In the listing below, the lines starting at the line with "Newport Rhode Island" and ending at the line with "SONY ICF-890 TV-H" are to be output verbatim. Images stay out of the copy.
▬▬▬
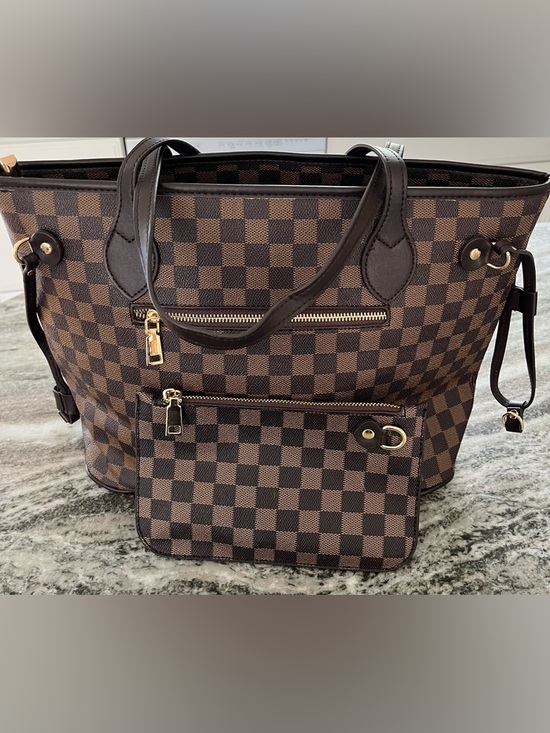 Handbags - Brown Checkered Tote Handbag with Zippered Pouch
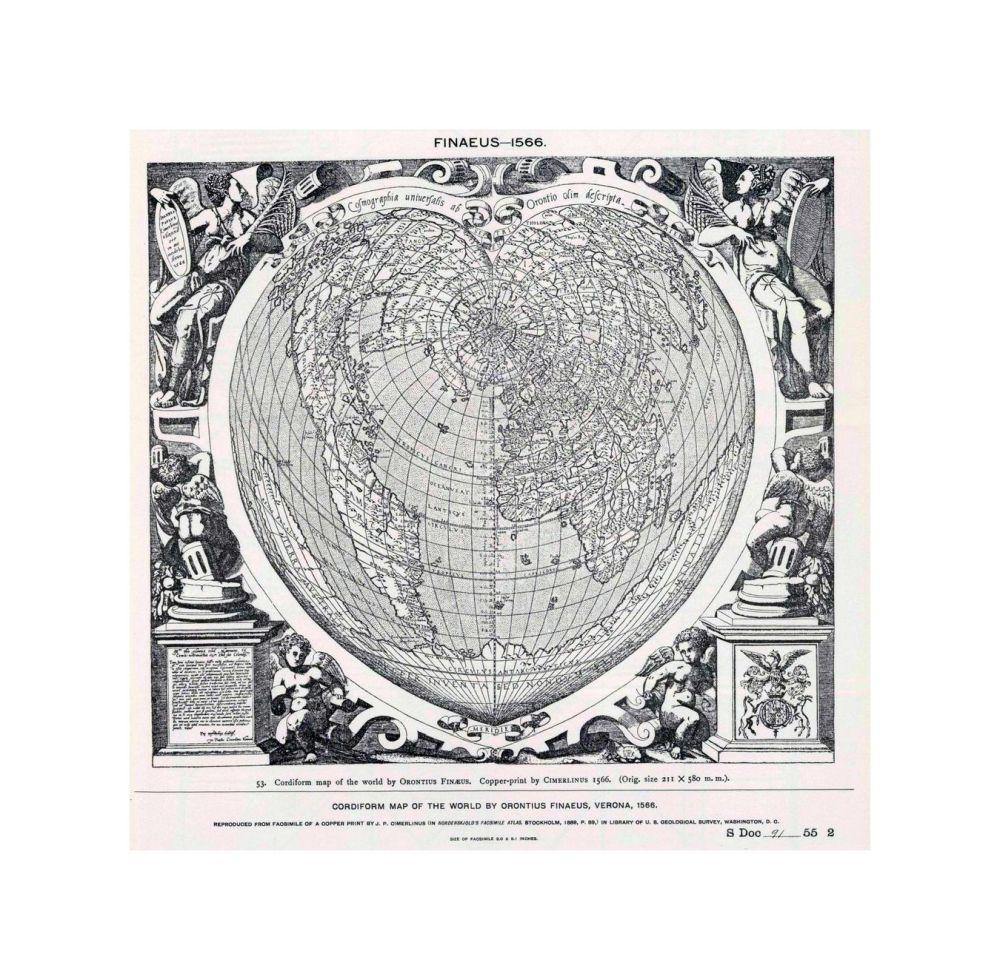 1566 Facsimile: World by Finaeus. Map|Historic Antique Vintage Reprint|24x24| - New York Map Company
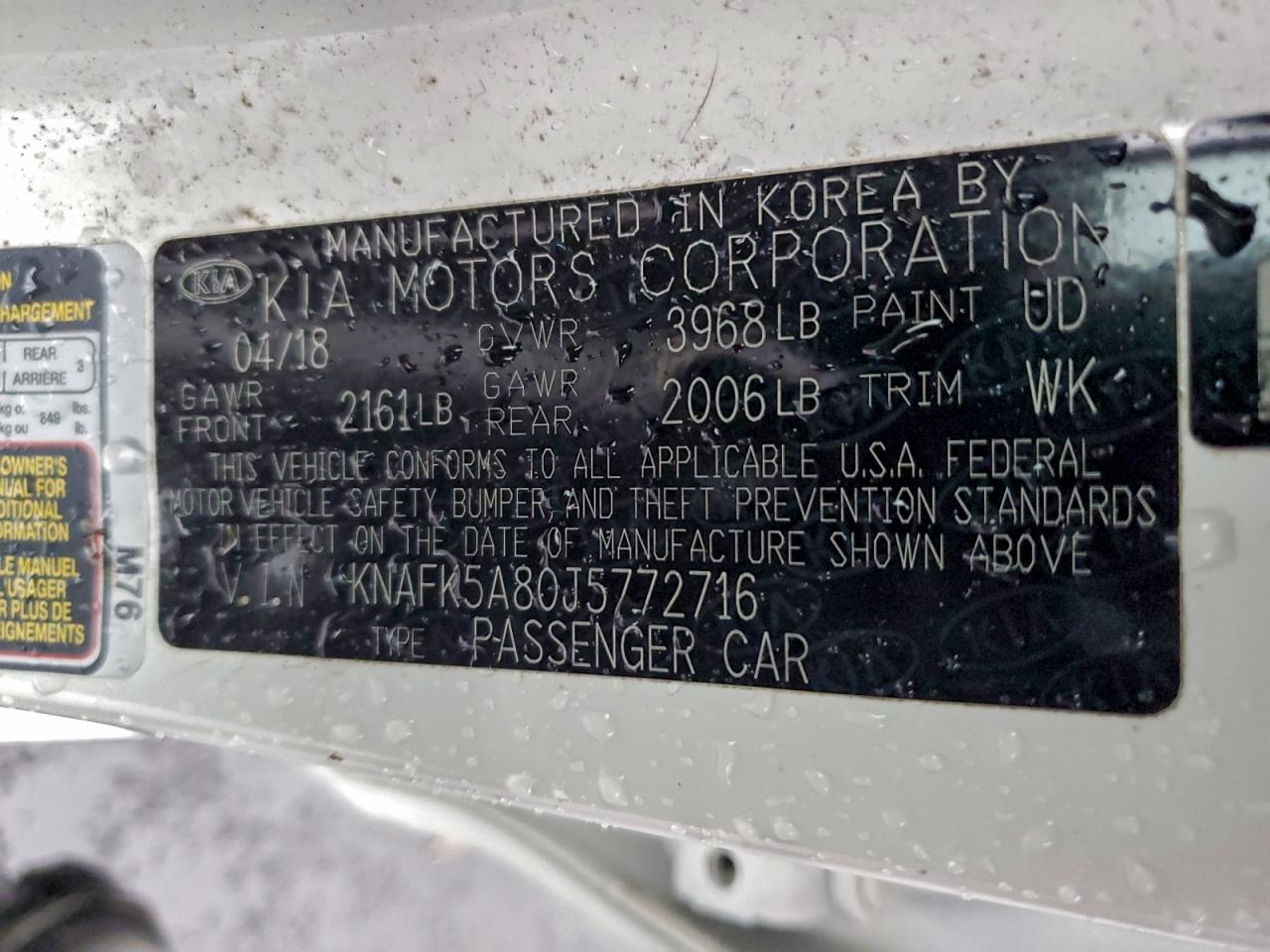 2018 Kia Forte Lx VIN: KNAFK5A80J5772716 Lot: 94303655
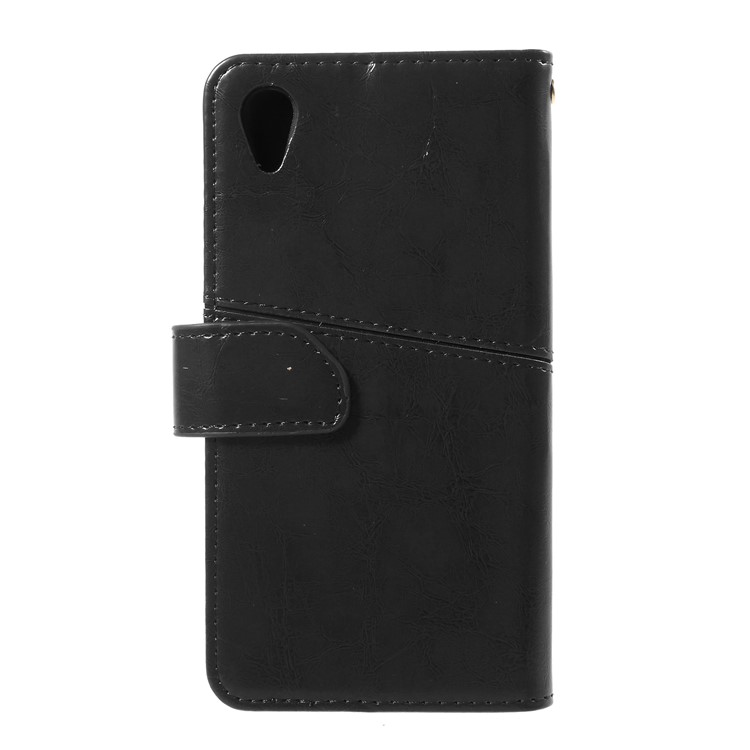 K'TRY Geometric Splicing Series Wallet Stand Leather Case for Sony Xperia XA1 - Black-2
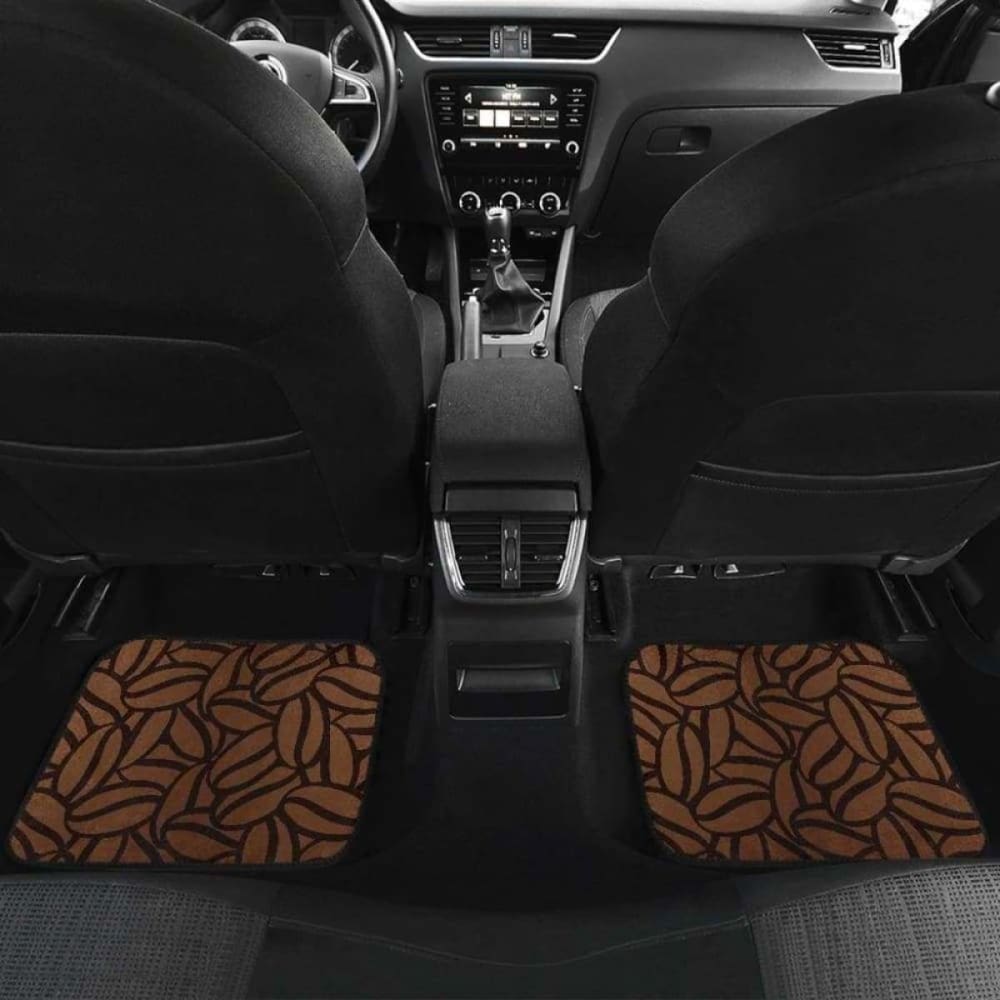 Coffee Bean Pattern Front And Back Car Mats 163730 - YourCarButBetter
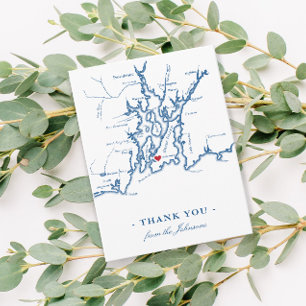 Newport Rhode Island Map met Heart Navy Wedding Bedankkaart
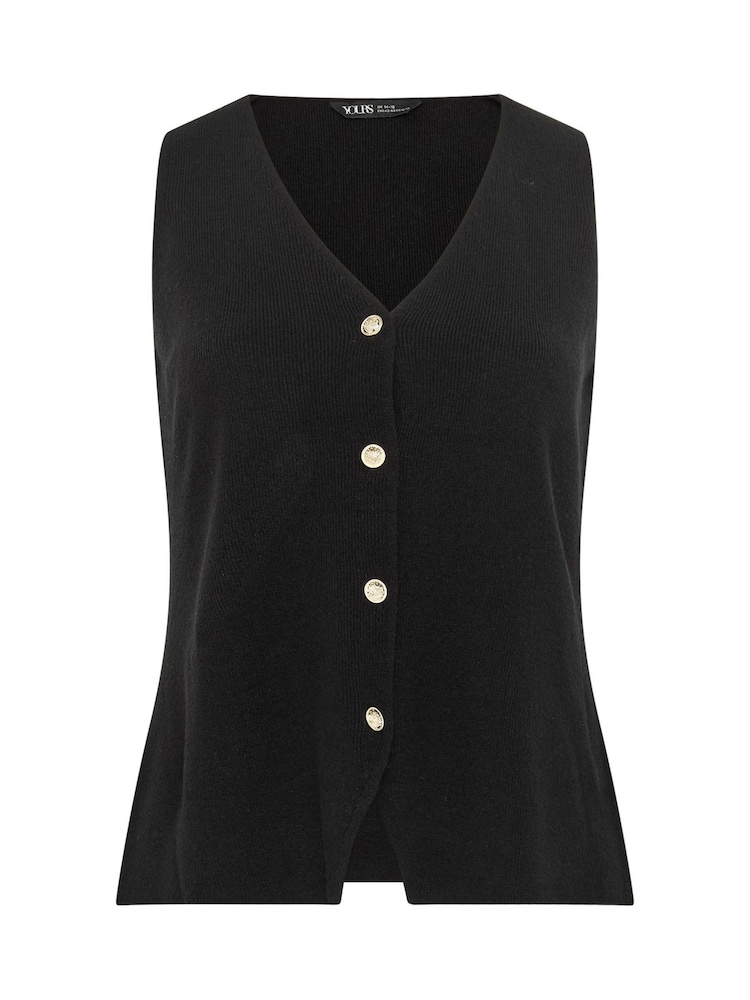 Yours Curve Black Knitted Elongated Waistcoat - Image 5 of 5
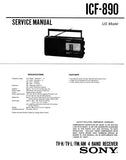 SONY ICF-890 TV-H TV-L FM AM 4 BAND RECEIVER SERVICE MANUAL INC PCBS SCHEM DIAG AND PARTS LIST 14 PAGES ENG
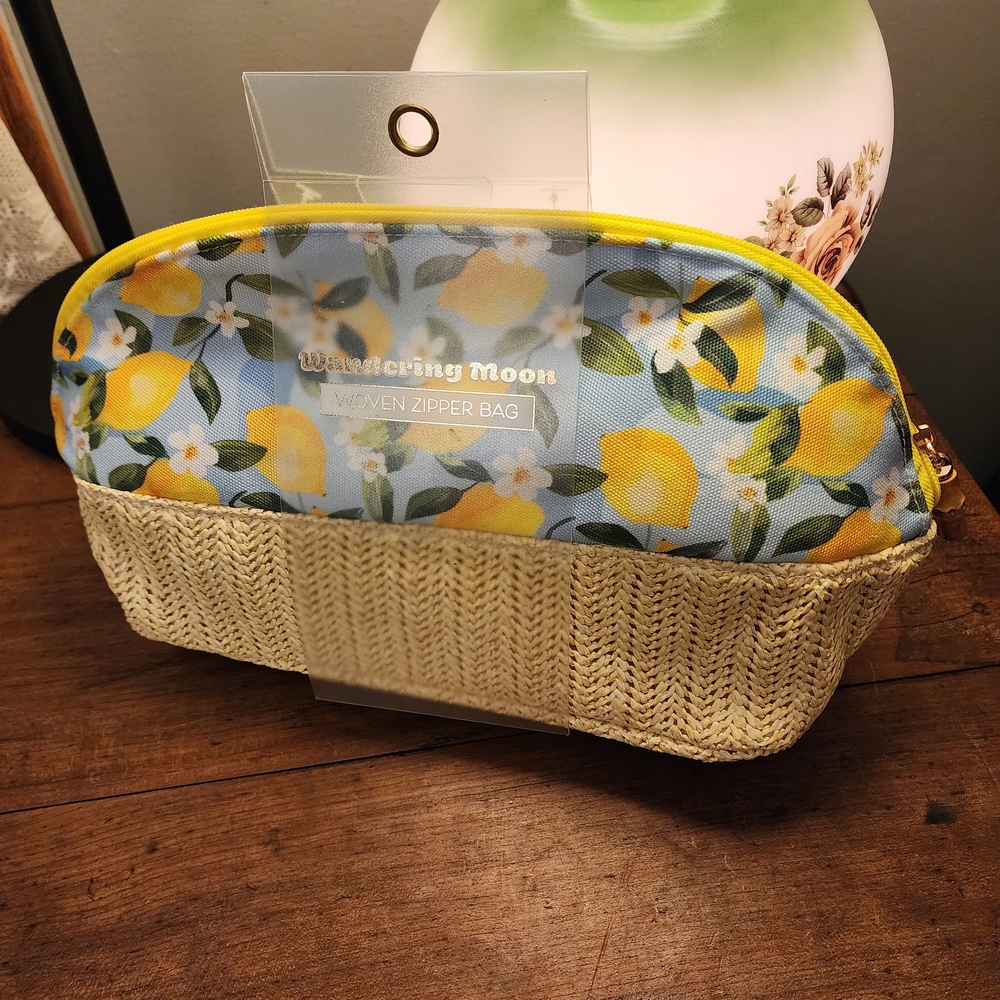 Lemon Print Cosmetic Bag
▬▬▬
Result for this exercise:
 Newport Rhode Island Map met Heart Navy Wedding Bedankkaart
 Yours Curve Black Knitted Elongated Waistcoat - Image 5 of 5
 SONY ICF-890 TV-H TV-L FM AM 4 BAND RECEIVER SERVICE MANUAL INC PCBS SCHEM DIAG AND PARTS LIST 14 PAGES ENG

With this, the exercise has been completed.